往々にして学者によって語られる世界史は欧米視点に偏りがちなのですが、今著ではギリシャ、ローマといった鉄板はもちろんのこと、中国や日本などのアジア、そしてインドやハンガリー、中南米、はたまたアフリカまで射程がほぼ全方位に及んでいます。
安易な一般化は避け、地域ごとの文化的特質なども斟酌しながら、それでも政治的な理論を導き出そうとする怜悧な観察眼と途方も無い知的作業。
そこから一応、導き出された政治制度を形成する3つの要因が、
- 強力で有能な国家
- 「法の支配」への国家の服従
- 全市民に対する政府の説明責任
そして収斂されたこれらの主要素にもさらに種々のサブ要素が複合的に絡まり合っています。
たとえば一般的な通説を鵜呑みにしないためにも、彼のこの言葉を引用しておきたいと思います。
近代化の諸々の要素はどれも、宗教改革、啓蒙思想、産業革命の一括パッケージの結果、生まれたものではない。

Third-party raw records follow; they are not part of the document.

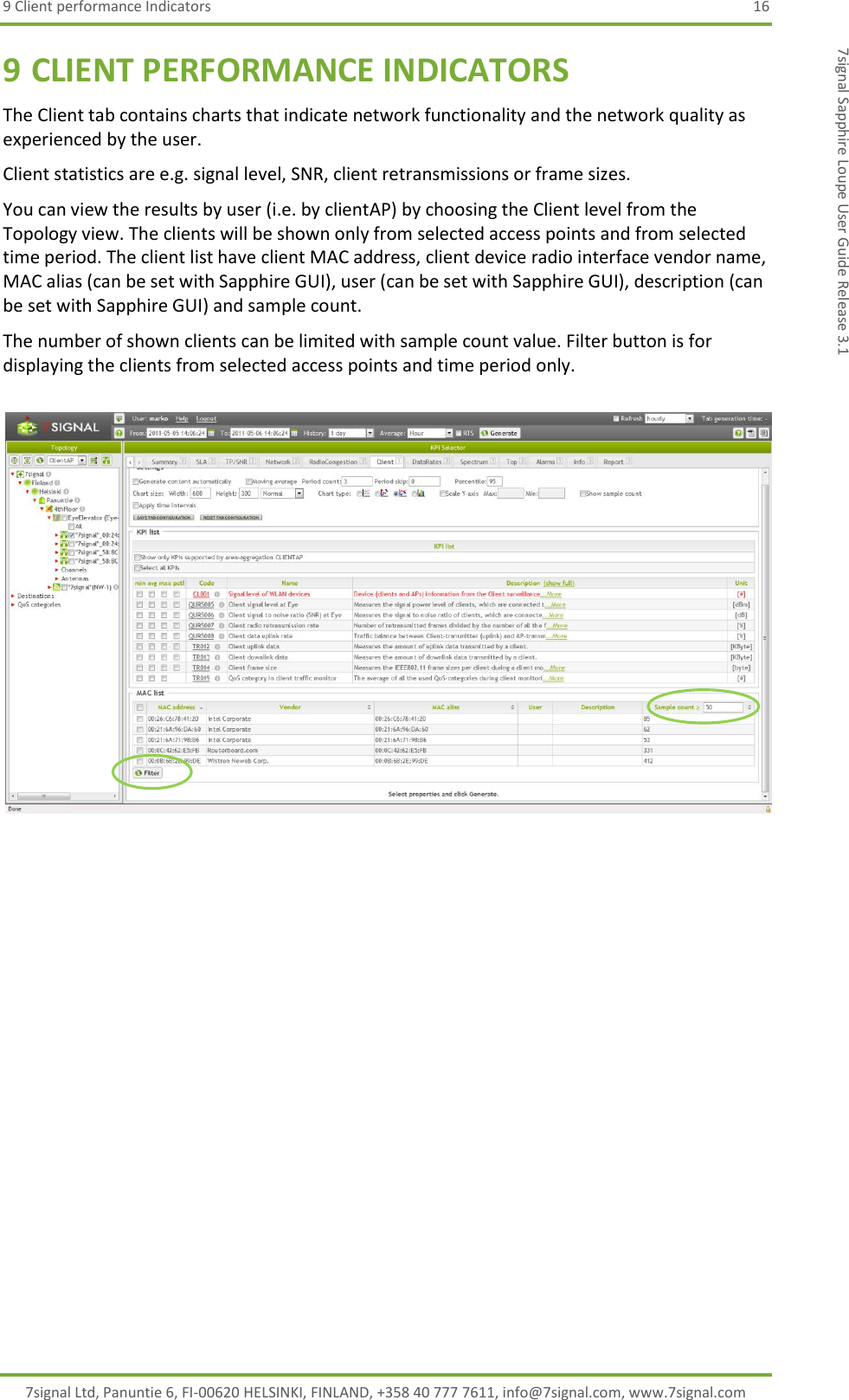 9 Client performance Indicators  16 7signal Ltd, Panuntie 6, FI-00620 HELSINKI, FINLAND, +358 40 777 7611, info@7signal.com, www.7signal.com 7signal Sapphire Loupe User Guide Release 3.1 9 CLIENT PERFORMANCE INDICATORS The Client tab contains charts that indicate network functionality and the network quality as experienced by the user. Client statistics are e.g. signal level, SNR, client retransmissions or frame sizes. You can view the results by user (i.e. by clientAP) by choosing the Client level from the Topology view. The clients will be shown only from selected access points and from selected time period. The client list have client MAC address, client device radio interface vendor name, MAC alias (can be set with Sapphire GUI), user (can be set with Sapphire GUI), description (can be set with Sapphire GUI) and sample count. The number of shown clients can be limited with sample count value. Filter button is for displaying the clients from selected access points and time period only.     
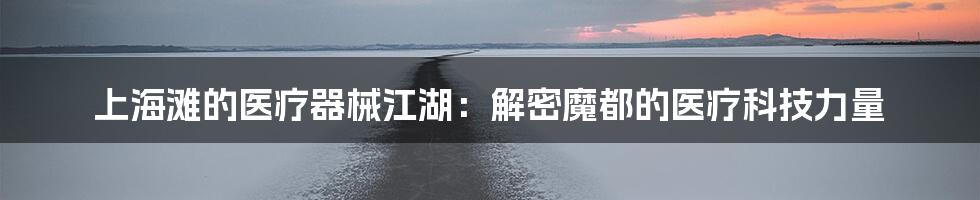 上海滩的医疗器械江湖:解密魔都的医疗科技力量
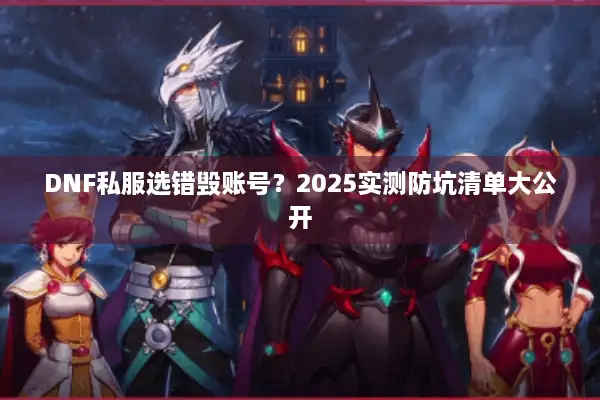DNF私服选错毁账号？2025实测防坑清单大公开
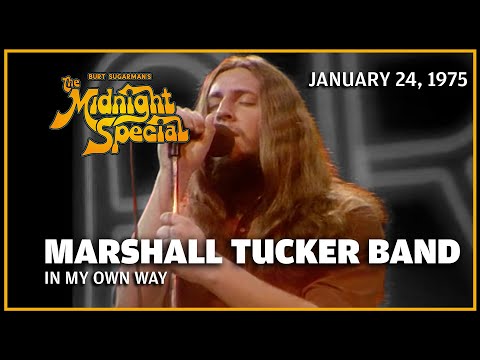 In My Own Way - Marshall Tucker Band | The Midnight Special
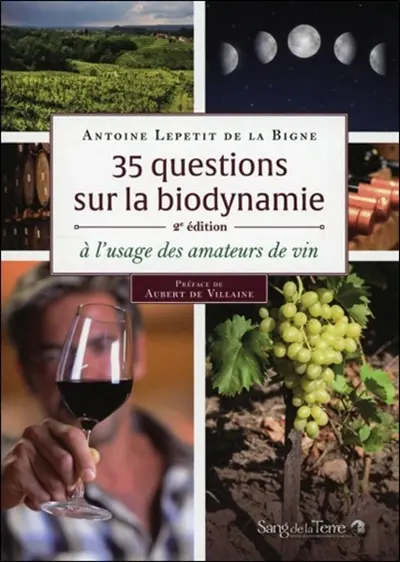 35 questions sur la biodynamie : à l'usage des amateurs de vin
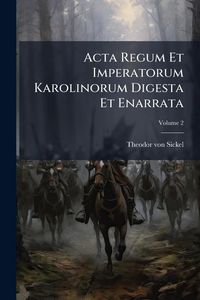 Produktbild: Acta Regum Et Imperatorum Karolinorum Digesta Et Enarrata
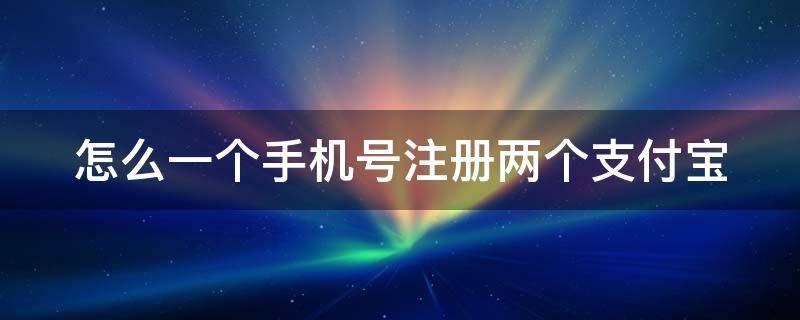 怎么一个手机号注册两个支付宝 怎么一个手机号注册两个支付宝呢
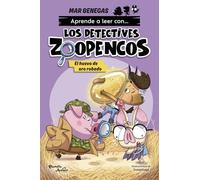 El Huevo de Oro Robado / The Stolen Gold Egg: 2 (Aprender a Leer Con... Los Detectives Zoopencos)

独立都市や商取引の急速な発展が近代的な商法の発達を促したにしろ、法の支配はそもそも、経済ではなく宗教的な影響の産物である。したがって、経済の近代化に不可欠となる2つの基本制度―個人が社会的関係や所有権について選択の自由を持つ。政治支配が透明で予測可能な法に制限される―は、近代以前の制度、すなわち中世の教会によってつくられたのだった。これらの基本制度が経済分野にとって有効と分かるのは、もっとずっと後になってからである。とまあ続編を待ちつつ、僕が個人的に嬉しかったのは訳者あとがきの最後の謝辞の部分で訳出を一緒に手伝ってくれた人の名前が挙げられていたのですが、その中で学生時代に授業を受けていた島田直幸先生の名前があったことです。
一年生のときに先生の「米洲圏概論」という講義を受け、それからアメリカ外交、ひいては国際政治への興味を持つキッカケになったのでした。
今は杏林大学で専任講師をなさってるとのことです。